The lexer state behind `Iter` is the Go port of
`cpython/Parser/tokenizer/`. v0.5 stubs this with a parser-side
lexer skeleton sufficient for the pipeline gate; the public surface in
this package is stable across that change.

Token type constants are generated from `cpython/Grammar/Tokens` by
`tools/tokens_go` and emitted into `tokenize/types_gen.go`. The
generator is shared with the parser spec.

## Stdlib bridge

Python's `tokenize.tokenize(readline)` is implemented in
`Lib/tokenize.py` and calls `_tokenize.TokenizerIter`. Once v0.9
wires the import system through frozen modules, our `tokenize/`
package backs that import via a Go module exposing `TokenizerIter`
through the `objects.Module` protocol.

## Errors

The wrapper preserves CPython's exact SyntaxError strings.
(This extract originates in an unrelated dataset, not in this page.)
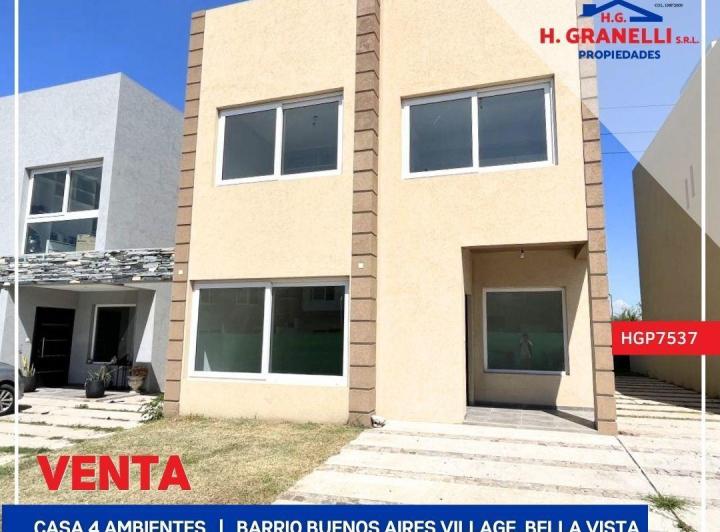 Casa · 155m² · 4 Ambientes · 1 Cochera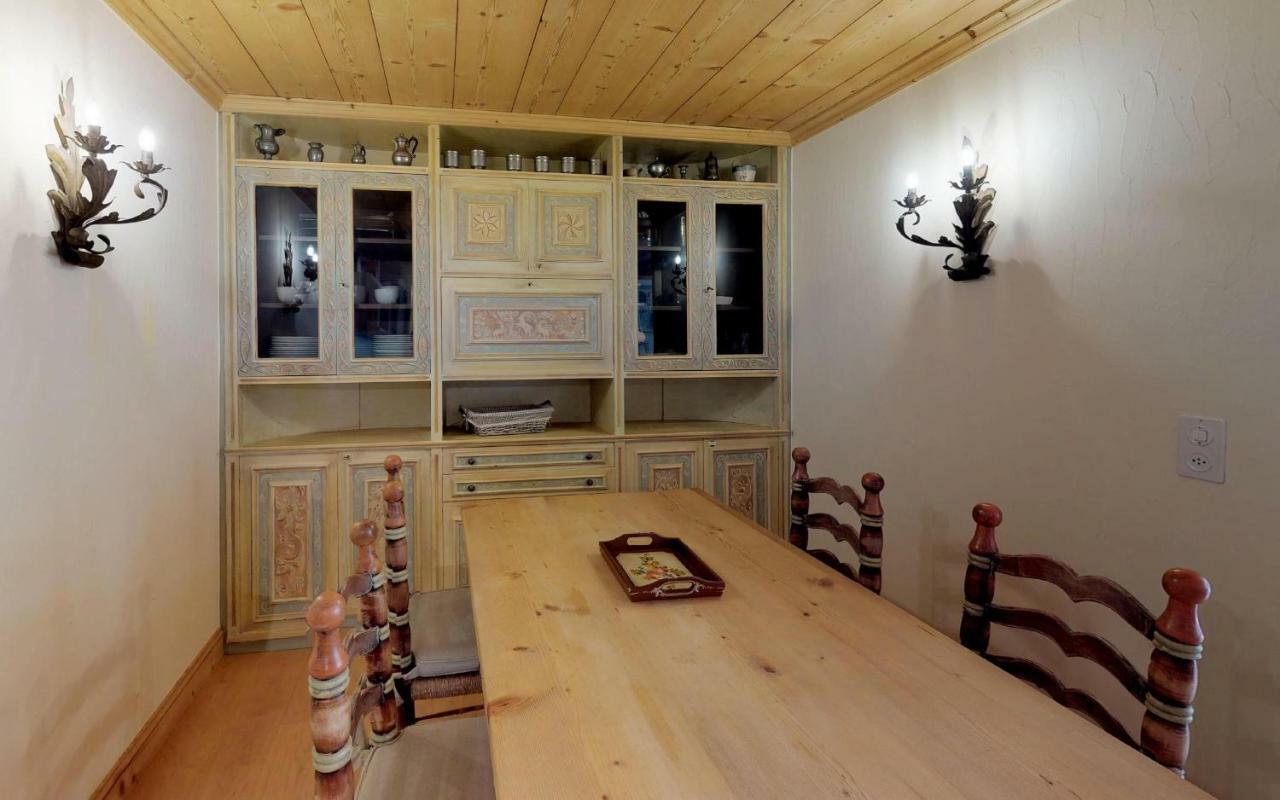 St. Moritzerhof 42 Apartman Kültér fotó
Cases:

* Unterminated string literal.
* Inconsistent indentation.
* Unmatched bracket.
* Encoding declaration mismatch.
* Tab/space mixing under `-tt`.

Each is reproduced verbatim from `Python-tokenize.c` plus the lexer
error path.

## Gate

Round-trip tokenize a panel of source files (`test_tokenize.py`
fixtures from CPython) and assert the token stream matches what
CPython's `tokenize.tokenize` produces, byte-for-byte on the value
field and exact on type plus position. The gate lives in
`tokenize/tokenize_test.go` and ships with v0.9 once the import
plumbing exists; v0.5 adds the package skeleton plus a Go-only unit
test of the iterator contract.

## Out of scope

* The lexer state machine itself (Parser/tokenizer/). Separate spec.
* `untokenize`. Lives in `Lib/tokenize.py`, ported as part of the
  stdlib effort.
* Async tokenization. Not a CPython surface.

## v0.5 checklist

This is the implementation contract. Each box maps to a test in 1625
§16.

### Files

* [x] `token/token.go`: hand-written `Type` declaration plus
  `String()` method that delegates to the generated `tokenNames`
  table. Lives in its own package to mirror CPython's
  `pycore_token.h` / `Lib/token.py` split and avoid an import cycle
  with the parser's lexer.
* [x] `tools/tokens_go/main.go`: generator that reads
  `Include/internal/pycore_token.h` (the `#define NAME N` lines) and
  `Lib/token.py` (the `NAME = N` lines), filters
  `N_TOKENS`/`NT_OFFSET`/`ENCODING_OFFSET`, and emits `token/types_gen.go`.
* [x] `token/types_gen.go`: 69 token kinds (ENDMARKER=0..ENCODING=68)
  plus `NTokens=69` and the `tokenNames` table.
* [x] `tokenize/tokenize.go`:
  * [x] `Pos struct{ Line, Col int }`.
  * [x] `Token struct{ Type token.Type; Value string; Start, End Pos; Line string }`.
        (`Line` is left empty; full source-line slicing tracked under
        the v0.9 surface guarantee below.)
  * [x] `Iter` opaque struct holding the underlying `*lexer.State`.
  * [x] `New(src string, extraTokens bool) *Iter` — wires
        `lexer.FromString` plus `SetExtraTokens`.
  * [x] `NewReadline(rl func() (string, error), extraTokens bool) *Iter`
        — wires `lexer.FromReadline` with a `[]byte`/`string` adapter.
  * [x] `(it *Iter) Next() (Token, error)` returning `io.EOF` after
        the lexer's ENDMARKER lands.
* [x] `tokenize/tokenize_test.go`: ENDMARKER-then-EOF, simple
  assignment kinds, readline driver smoke. The numeric/Type.String
  panel moved to `token/token_test.go` along with the constants.

### Surface guarantees

* [x] Numeric values of `Type` constants match
  `cpython/Include/internal/pycore_token.h` and `cpython/Lib/token.py`
  one-to-one. Pinned by `TestTypeNumericValues`.
* [ ] `extraTokens=false` filters COMMENT, NL, ENCODING, and the
  trailing NEWLINE-at-EOF (CPython parity). (v0.9.)
* [ ] Encoding detection on byte input recognises BOM and PEP 263
  cookies. (v0.9.)
* [ ] Lexer errors lift to a Go `*SyntaxError` whose `Error()` string
  is verbatim from `Python-tokenize.c` plus the lexer error path. (v0.9.)
* [ ] `tok->cur` slicing for the `Line` field of every token. (v0.9.)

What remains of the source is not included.